Thursday, May 27, 2010

Cause and effect

Jinxed mobile no suspended after 3 users die in 10 yrs
London: A jinxed Bulgarian mobile phone number—+359 888 888 888—has been suspended after three users died in the last 10 years, the last owner being gunned down outside an Indian eatery in Sofia, a media report said.
The first owner, Vladimir Grashnov, the former chief executive officer of Bulgarian mobile phone company Mobitel—which issued the number—died of cancer in 2001, aged 48. There were rumours that his cancer was caused by a trade rival using radioactive poisoning, the Daily Mail reported.
The jinxed number was then passed on to Bulgarian mafia boss Konstantin Dimitrov. He was gunned down in 2003 by an assassin in the Netherlands during a trip to inspect his 500-million-pound drug smuggling empire.
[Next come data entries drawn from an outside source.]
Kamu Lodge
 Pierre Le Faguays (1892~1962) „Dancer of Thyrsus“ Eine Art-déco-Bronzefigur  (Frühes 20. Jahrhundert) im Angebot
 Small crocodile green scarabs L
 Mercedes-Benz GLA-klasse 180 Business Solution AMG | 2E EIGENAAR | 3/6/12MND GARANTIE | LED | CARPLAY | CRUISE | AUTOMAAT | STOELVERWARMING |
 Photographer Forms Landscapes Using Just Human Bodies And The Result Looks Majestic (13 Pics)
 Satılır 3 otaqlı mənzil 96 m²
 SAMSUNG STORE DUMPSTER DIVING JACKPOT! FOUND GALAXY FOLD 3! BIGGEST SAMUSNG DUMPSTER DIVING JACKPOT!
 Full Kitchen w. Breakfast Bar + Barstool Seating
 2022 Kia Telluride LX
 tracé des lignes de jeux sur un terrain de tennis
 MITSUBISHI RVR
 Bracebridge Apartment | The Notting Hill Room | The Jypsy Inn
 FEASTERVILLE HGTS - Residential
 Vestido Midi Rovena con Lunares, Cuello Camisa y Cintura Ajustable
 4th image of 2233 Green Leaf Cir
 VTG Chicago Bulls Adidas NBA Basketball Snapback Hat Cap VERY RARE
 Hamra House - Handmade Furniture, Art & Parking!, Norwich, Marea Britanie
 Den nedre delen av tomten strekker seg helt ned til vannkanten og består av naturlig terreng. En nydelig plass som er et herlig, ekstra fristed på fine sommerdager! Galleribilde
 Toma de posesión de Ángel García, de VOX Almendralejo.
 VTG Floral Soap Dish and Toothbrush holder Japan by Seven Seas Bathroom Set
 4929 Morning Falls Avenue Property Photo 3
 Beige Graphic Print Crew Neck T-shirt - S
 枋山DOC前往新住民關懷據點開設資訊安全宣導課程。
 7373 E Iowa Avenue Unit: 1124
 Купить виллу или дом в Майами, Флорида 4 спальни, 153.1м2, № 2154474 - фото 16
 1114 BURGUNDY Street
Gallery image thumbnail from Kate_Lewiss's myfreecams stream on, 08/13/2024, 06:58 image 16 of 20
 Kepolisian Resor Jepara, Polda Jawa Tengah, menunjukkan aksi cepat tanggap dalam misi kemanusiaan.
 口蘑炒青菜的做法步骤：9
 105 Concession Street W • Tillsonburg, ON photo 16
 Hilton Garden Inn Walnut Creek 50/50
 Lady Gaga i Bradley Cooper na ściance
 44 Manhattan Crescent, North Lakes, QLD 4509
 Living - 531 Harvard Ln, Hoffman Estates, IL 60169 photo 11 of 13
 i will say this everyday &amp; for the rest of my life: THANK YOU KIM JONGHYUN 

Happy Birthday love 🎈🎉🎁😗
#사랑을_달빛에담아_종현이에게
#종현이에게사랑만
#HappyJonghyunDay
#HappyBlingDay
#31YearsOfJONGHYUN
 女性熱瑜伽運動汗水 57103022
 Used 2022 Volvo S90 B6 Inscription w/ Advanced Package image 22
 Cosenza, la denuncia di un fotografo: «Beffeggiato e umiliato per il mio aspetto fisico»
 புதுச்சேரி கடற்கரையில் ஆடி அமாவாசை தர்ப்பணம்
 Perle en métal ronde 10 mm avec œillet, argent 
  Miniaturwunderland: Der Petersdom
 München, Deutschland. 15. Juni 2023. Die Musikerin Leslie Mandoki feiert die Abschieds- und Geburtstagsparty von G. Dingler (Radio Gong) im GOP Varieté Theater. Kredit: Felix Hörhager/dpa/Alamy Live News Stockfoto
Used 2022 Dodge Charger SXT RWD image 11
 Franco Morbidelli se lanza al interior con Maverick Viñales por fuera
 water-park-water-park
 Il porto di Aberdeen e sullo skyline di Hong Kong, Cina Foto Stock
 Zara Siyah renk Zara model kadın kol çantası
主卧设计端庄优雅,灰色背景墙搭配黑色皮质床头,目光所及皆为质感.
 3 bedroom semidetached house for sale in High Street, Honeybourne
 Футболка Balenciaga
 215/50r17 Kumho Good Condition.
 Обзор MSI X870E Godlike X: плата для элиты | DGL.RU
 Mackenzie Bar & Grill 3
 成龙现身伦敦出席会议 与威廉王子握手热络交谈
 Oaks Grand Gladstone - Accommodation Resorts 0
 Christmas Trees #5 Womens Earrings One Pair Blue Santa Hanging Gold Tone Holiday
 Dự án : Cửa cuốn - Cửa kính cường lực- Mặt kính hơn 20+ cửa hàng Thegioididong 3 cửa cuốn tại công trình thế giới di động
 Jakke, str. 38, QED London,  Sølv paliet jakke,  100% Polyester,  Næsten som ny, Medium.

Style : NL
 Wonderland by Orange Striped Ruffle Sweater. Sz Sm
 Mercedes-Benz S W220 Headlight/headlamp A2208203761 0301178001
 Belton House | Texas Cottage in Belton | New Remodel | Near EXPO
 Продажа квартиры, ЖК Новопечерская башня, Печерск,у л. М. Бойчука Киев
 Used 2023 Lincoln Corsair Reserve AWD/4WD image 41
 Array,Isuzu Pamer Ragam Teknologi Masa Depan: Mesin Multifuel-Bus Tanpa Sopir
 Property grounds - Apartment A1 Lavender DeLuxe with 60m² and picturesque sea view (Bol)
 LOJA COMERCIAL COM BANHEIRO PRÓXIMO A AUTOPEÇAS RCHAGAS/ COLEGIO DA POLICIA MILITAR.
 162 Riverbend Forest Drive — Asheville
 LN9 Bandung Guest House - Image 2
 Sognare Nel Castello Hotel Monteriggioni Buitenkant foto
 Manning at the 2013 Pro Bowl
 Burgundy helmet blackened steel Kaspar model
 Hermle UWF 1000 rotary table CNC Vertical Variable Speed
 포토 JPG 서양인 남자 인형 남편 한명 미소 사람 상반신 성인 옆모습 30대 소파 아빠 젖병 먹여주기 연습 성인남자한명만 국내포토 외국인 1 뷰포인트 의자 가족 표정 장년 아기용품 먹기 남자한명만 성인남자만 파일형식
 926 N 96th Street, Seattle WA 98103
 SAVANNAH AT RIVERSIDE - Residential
Dimitrov, who died aged 31, had the mobile with him when he was shot while dining with a model.
The next person to be handed the number was businessman Konstantin Dishliev. He was also gunned down outside an Indian restaurant in Sofia in 2005.
Dishliev had been running a secret cocaine trafficking operation. He died after 130 million pounds of the drug was intercepted by the police while being smuggled from Colombia. Callers now get a recorded message saying the phone is “outside network coverage”. PTI
Report in Times of India, Mumbai edition, page 24, May 27, 2010

The above item in today’s Times of India caught my attention. I do not know why, but it just happened.
But when I read through it, I found it really very interesting. The news item brings out one interesting characteristic of human nature – finding patterns. We have been programmed to find patterns and large part of our knowledge is acquired through this mode of learning. It is instinctive to us – Pavlov exhibited this through his experiment with the dogs.
In the above example, people saw the link between the phone number and premature deaths. However, a wise person would like to question the “cause and effect” relationship – 2 out of the 3 above were involved in activities where the risk of death anyway was very high.
As investors we often make similar mistake of linking two completely unrelated events and take our investment decisions. It pays to stop before acting on such “coincidences” and ask a few questions.